* About this task *
When writing out the entries below, keep only the lines from the line with "Rresyet 40-50 Gallon" to the line with "Y&Y Decor 6", both included, exactly as they are, and leave the pictures aside.

Short web captions
'''

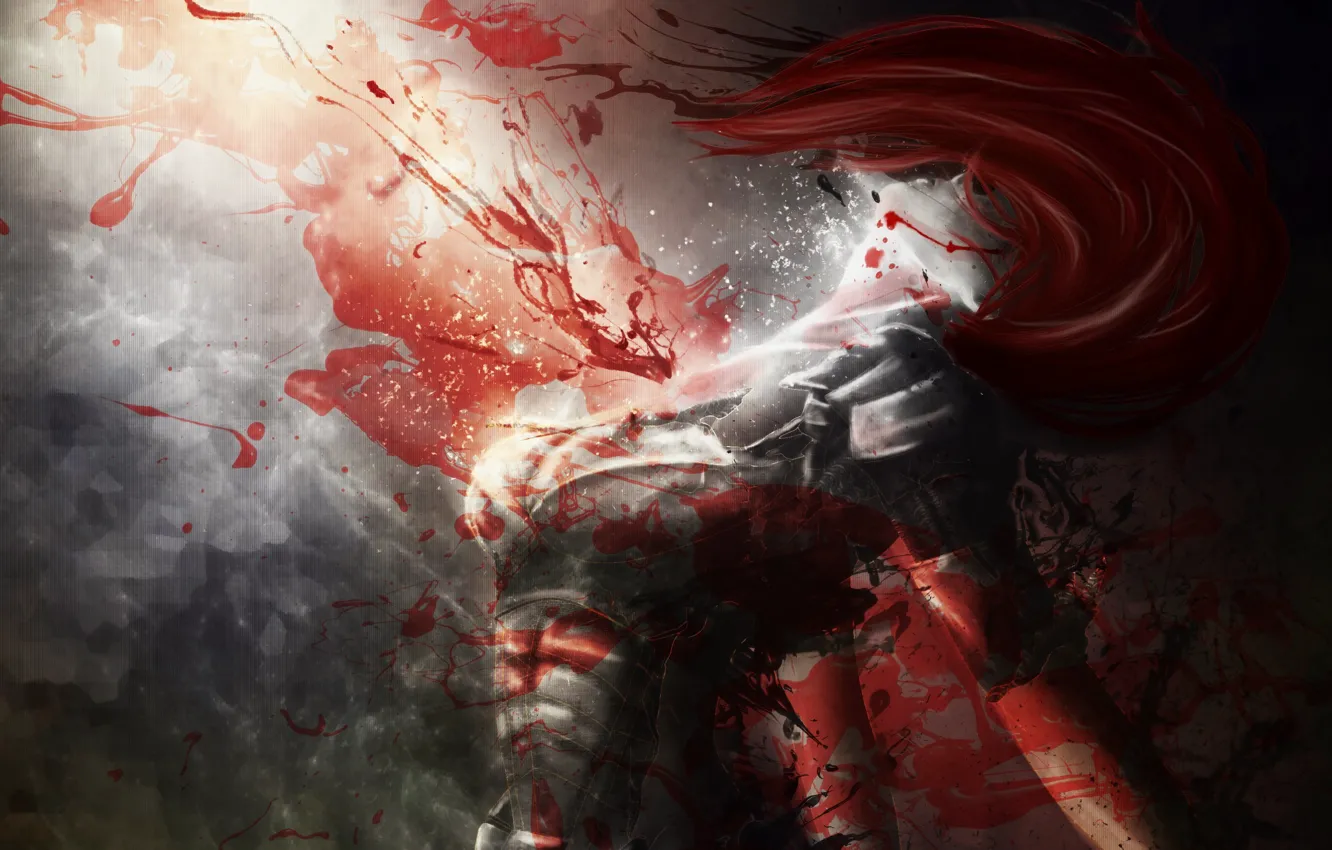 Photo wallpaper girl, fiction, blood, art, red hair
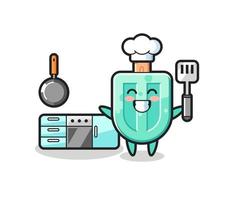 illustrazione del personaggio dei ghiaccioli mentre uno chef sta cucinando vettore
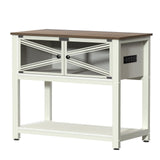 Rresyet 40-50 Gallon Aquarium Stand with Heavy Duty Metal Frame, Fish Tank Stand with Power Outlets, Two Glasses Door Storage Cabinet, Suitable for Turtle Tank, Reptile Tank, White+Brown Rresyet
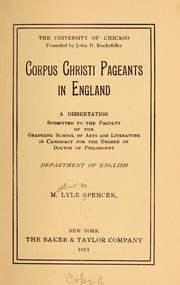 Cover of: Corpus Christi pageants in England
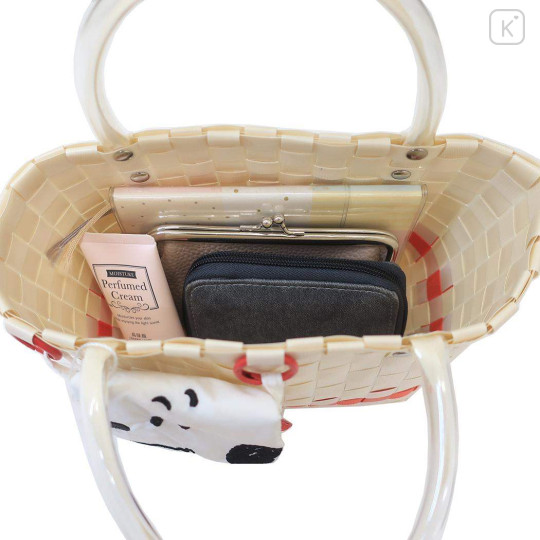 Japan Peanuts Rootote Basket Tote Bag With Pouch - Snoopy : Beige - 3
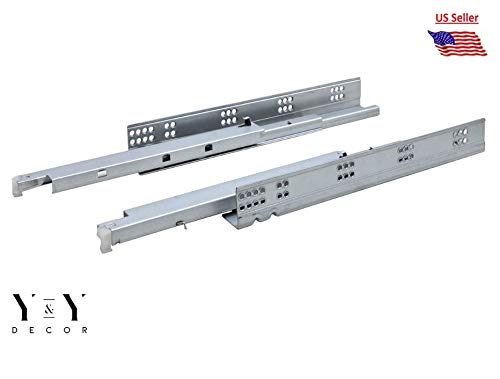 Y&Y Decor 6 Pairs 18 Inch Undermount Cabinet Drawer Slides - Soft Close, 100lb Load Capacity, Full Extension Cabinet Hardware for Kitchen, Bathroom & Office Organization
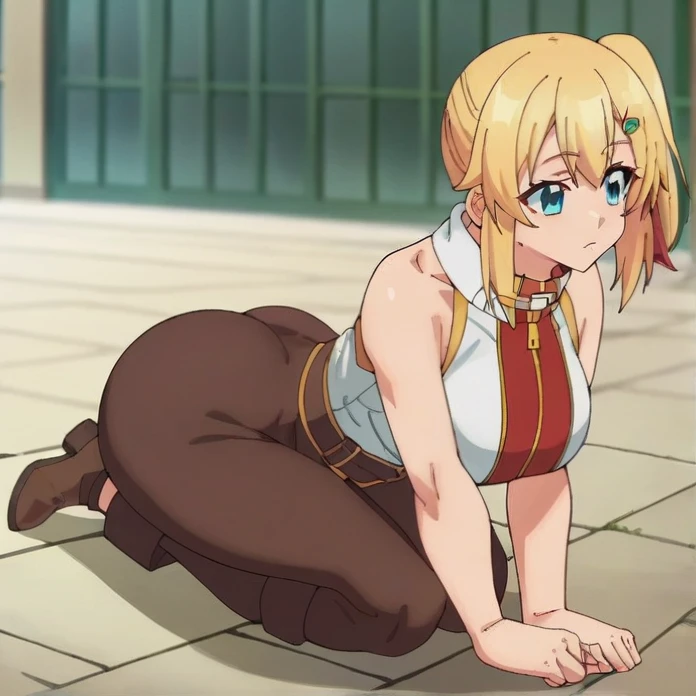 realistic, (4k), Depth of the bounds written, (masterpiece), (realistic skin texture), very detailed, Complex, very detailed, professional photography, Bokeh, High resolution, sharp details, highest quality, goblin, black dress, strapless dress, blonde hair, twin braids, long braids, gold belt, Black arm guards, bangles, yellow eyes, (goblin wings), black earrings, (squat), winter, snow, snowing, outdoor, snow covered trees,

'''

* Answer space *
 Rresyet 40-50 Gallon Aquarium Stand with Heavy Duty Metal Frame, Fish Tank Stand with Power Outlets, Two Glasses Door Storage Cabinet, Suitable for Turtle Tank, Reptile Tank, White+Brown Rresyet
 Cover of: Corpus Christi pageants in England
 Japan Peanuts Rootote Basket Tote Bag With Pouch - Snoopy : Beige - 3
 Y&Y Decor 6 Pairs 18 Inch Undermount Cabinet Drawer Slides - Soft Close, 100lb Load Capacity, Full Extension Cabinet Hardware for Kitchen, Bathroom & Office Organization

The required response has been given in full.